CAPEC-1: Accessing Functionality Not Properly Constrained by ACLs
In applications, particularly web applications, access to functionality is mitigated by an authorization framework. This framework maps Access Control Lists (ACLs) to elements of the application's functionality; particularly URL's for web apps. In the case that the administrator failed to specify an ACL for a particular element, an attacker may be able to access it with impunity. An attacker with the ability to access functionality not properly constrained by ACLs can obtain sensitive information and possibly compromise the entire application. Such an attacker can access resources that must be available only to users at a higher privilege level, can access management sections of the application, or can run queries for data that they otherwise not supposed to.
CAPEC-127: Directory Indexing
An adversary crafts a request to a target that results in the target listing/indexing the content of a directory as output. One common method of triggering directory contents as output is to construct a request containing a path that terminates in a directory name rather than a file name since many applications are configured to provide a list of the directory's contents when such a request is received. An adversary can use this to explore the directory tree on a target as well as learn the names of files. This can often end up revealing test files, backup files, temporary files, hidden files, configuration files, user accounts, script contents, as well as naming conventions, all of which can be used by an attacker to mount additional attacks.

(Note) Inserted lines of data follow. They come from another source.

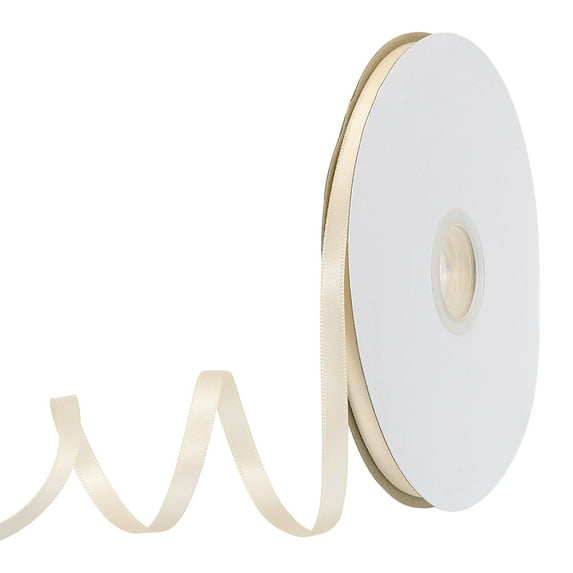 Uxcell Satin Ribbon Grosgrain Solid Silk Wedding Bouquet Ribbon for Valentine's Day Gift Wrapping Cake Box Bows Beige-1/4" x 50 Yard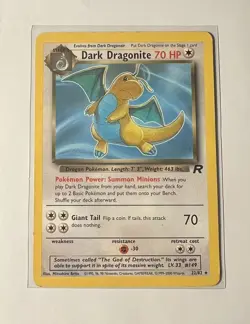 Dark Dragonite 22/82 Team Rocket Rare Non-Holo Vintage Pokemon TCG Card Damaged - Image 1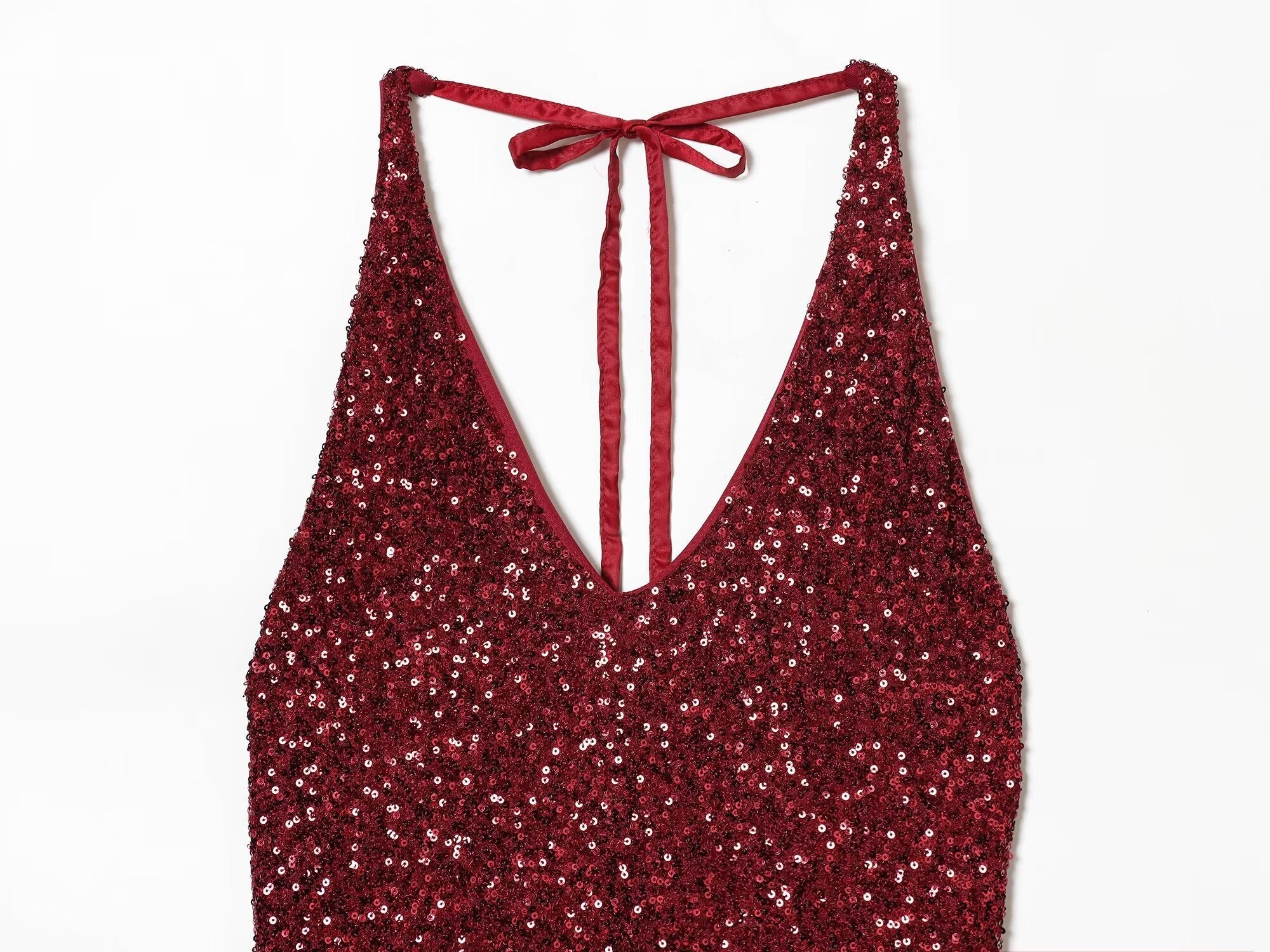 Women's pearl decoration hanging neck MIDI dress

CAPEC-81: Web Server Logs Tampering
Web Logs Tampering attacks involve an attacker injecting, deleting or otherwise tampering with the contents of web logs typically for the purposes of masking other malicious behavior. Additionally, writing malicious data to log files may target jobs, filters, reports, and other agents that process the logs in an asynchronous attack pattern. This pattern of attack is similar to "Log Injection-Tampering-Forging" except that in this case, the attack is targeting the logs of the web server and not the application.